Wenn der Alltag zur Herausforderung wird: Kinder, die an Typ-1-Diabetes erkrankt sind, sehen sich mit vielen Gesundheitsfragen konfrontiert. Wie kann Schule dabei helfen?

Diagnose Diabetes: Eine Herausforderung für die jungen Betroffenen

Diabetes Typ 1: Diese Diagnose erhält rund eines von 500 Kindern in Deutschland. Das Leben mit einer chronischen Krankheit, insbesondere im jungen Alter, bringt viele Herausforderungen mit sich. Bei Diabetes bedeutet das konkret: Auf die Ernährungsweise achten, den Blutzuckerspiegel regelmäßig messen und Insulin spritzen. "Zumindest im Grundschulalter sind die Kinder damit häufig überfordert", so Prof. Dr. med. Andreas Neu, Präsident der Deutschen Diabetes Gesellschaft (DDG) und kommissarischer ärztlicher Direktor an der Klinik für Kinder- und Jugendmedizin am Universitätsklinikum Tübingen. Häufig sind auch Lehrkräfte mit gesundheitsbezogenen Fragen, wie nach der passenden Insulindosierung, überfordert, schließlich mangelt es häufig an zeitlichen Kapazitäten, und außerdem ist das schulische Personal nicht dazu ausgebildet, medizinischen Rat zu erteilen. 
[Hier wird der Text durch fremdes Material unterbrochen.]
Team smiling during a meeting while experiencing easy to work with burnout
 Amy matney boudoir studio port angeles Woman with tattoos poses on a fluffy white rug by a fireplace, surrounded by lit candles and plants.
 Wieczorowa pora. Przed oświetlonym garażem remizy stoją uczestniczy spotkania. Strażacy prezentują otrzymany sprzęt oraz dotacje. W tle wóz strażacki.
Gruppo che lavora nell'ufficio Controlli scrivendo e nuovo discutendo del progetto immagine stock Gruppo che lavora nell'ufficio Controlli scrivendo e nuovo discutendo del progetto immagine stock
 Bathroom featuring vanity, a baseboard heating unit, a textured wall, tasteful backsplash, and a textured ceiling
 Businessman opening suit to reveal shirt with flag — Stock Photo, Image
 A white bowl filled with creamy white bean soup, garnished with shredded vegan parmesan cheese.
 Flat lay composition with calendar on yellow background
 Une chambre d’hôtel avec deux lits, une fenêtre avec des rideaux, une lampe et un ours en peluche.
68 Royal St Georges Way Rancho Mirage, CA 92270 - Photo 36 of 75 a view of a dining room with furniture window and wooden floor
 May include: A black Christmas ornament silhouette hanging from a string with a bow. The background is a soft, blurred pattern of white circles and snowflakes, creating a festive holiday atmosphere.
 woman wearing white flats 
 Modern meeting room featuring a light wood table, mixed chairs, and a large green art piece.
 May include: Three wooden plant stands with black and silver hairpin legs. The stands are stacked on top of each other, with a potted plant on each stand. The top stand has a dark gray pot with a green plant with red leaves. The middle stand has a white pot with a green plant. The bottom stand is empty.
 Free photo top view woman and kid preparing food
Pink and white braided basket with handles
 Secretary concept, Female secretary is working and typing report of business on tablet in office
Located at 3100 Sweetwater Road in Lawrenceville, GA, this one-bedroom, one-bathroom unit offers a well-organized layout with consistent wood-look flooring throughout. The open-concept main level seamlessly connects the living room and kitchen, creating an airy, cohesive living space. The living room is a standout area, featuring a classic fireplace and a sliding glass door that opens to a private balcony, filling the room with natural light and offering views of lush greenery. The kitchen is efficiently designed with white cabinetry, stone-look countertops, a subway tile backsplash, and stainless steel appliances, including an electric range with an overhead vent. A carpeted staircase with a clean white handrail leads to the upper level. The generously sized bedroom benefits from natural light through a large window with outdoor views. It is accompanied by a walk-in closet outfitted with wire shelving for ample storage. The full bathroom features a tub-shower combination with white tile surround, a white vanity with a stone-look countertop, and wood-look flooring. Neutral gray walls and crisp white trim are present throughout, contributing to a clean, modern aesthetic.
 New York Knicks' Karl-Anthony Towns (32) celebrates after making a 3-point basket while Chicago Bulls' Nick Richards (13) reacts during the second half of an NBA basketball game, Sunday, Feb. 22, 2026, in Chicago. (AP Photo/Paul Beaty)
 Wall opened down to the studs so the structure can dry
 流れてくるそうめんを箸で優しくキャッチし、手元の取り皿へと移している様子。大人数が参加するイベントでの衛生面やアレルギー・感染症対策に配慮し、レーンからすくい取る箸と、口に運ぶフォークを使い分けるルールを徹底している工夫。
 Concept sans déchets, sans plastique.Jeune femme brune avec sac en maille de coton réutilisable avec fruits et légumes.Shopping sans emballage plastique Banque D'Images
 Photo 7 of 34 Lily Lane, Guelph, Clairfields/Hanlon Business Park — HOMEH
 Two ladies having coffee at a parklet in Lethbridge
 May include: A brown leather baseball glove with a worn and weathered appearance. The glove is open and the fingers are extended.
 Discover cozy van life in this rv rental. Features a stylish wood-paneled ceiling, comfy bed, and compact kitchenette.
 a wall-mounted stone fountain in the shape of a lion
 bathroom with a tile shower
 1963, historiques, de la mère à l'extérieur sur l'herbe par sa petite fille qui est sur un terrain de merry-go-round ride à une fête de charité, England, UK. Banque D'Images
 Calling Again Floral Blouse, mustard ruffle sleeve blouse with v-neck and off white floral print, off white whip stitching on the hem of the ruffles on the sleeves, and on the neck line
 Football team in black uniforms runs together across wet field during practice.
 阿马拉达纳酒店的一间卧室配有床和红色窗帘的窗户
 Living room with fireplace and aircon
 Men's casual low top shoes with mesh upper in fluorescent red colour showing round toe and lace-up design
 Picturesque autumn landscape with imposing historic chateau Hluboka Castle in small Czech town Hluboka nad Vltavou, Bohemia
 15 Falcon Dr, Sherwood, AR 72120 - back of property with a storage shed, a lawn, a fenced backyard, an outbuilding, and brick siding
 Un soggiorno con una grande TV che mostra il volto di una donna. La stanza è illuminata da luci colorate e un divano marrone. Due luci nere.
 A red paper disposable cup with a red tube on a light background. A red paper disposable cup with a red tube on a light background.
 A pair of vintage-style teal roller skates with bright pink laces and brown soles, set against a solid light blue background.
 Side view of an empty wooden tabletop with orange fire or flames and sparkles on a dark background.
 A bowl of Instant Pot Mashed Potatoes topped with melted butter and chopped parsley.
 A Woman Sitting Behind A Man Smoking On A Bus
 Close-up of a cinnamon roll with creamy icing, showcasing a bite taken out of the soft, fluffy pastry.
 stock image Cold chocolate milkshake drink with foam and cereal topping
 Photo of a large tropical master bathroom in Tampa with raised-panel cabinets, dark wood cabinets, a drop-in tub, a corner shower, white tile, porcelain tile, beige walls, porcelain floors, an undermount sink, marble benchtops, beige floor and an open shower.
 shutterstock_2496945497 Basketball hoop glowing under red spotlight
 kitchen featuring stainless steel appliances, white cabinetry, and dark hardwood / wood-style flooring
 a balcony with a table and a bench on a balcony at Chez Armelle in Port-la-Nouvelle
Schulgesundheitsfachkräfte können die ganze Familie entlasten 

"Es gibt hierzulande noch keine ausreichenden und flächendeckenden Maßnahmen zur Inklusion und Integration von Kindern mit der Diagnose Diabetes Typ 1 in Bildungseinrichtungen. Das führt dazu, dass die jungen Patientinnen und Patienten immer wieder vom Regelschulbesuch ausgeschlossen werden", erläutert Neu. Diese Belastung bleibt auch an den Eltern der betroffenen Kinder hängen. Häufig schränkt ein Elternteil die Berufstätigkeit ein, um dem Nachwuchs zur Seite stehen zu können. Solche Entscheidungen bringen nicht nur finanzielle Einbußen mit sich, auch körperliche und psychische Überforderung können zu familiären Problemen werden. Um erkrankten Kindern und ihren Familien Entlastung im Schulalltag zu bieten, können Schulgesundheitsfachkräfte zum Einsatz kommen. "Um die Diskriminierung von chronisch Erkrankten zu beenden und Kindern mit Diabetes Typ 1 eine reguläre Beschulung zu ermöglichen, setzen wir uns für diese medizinisch ausgebildeten Fachkräfte an allen Grundschulen ein. Denn sie können Kinder und Jugendliche mit chronischen Erkrankungen adäquat versorgen und Eltern sinnvoll unterstützen", äußert Dr. med. Jens Kröger, Vorstandsvorsitzender von diabetesDE - Deutsche Diabetes-Hilfe. 

Welche Aufgaben übernehmen Schulgesundheitsfachkräfte? 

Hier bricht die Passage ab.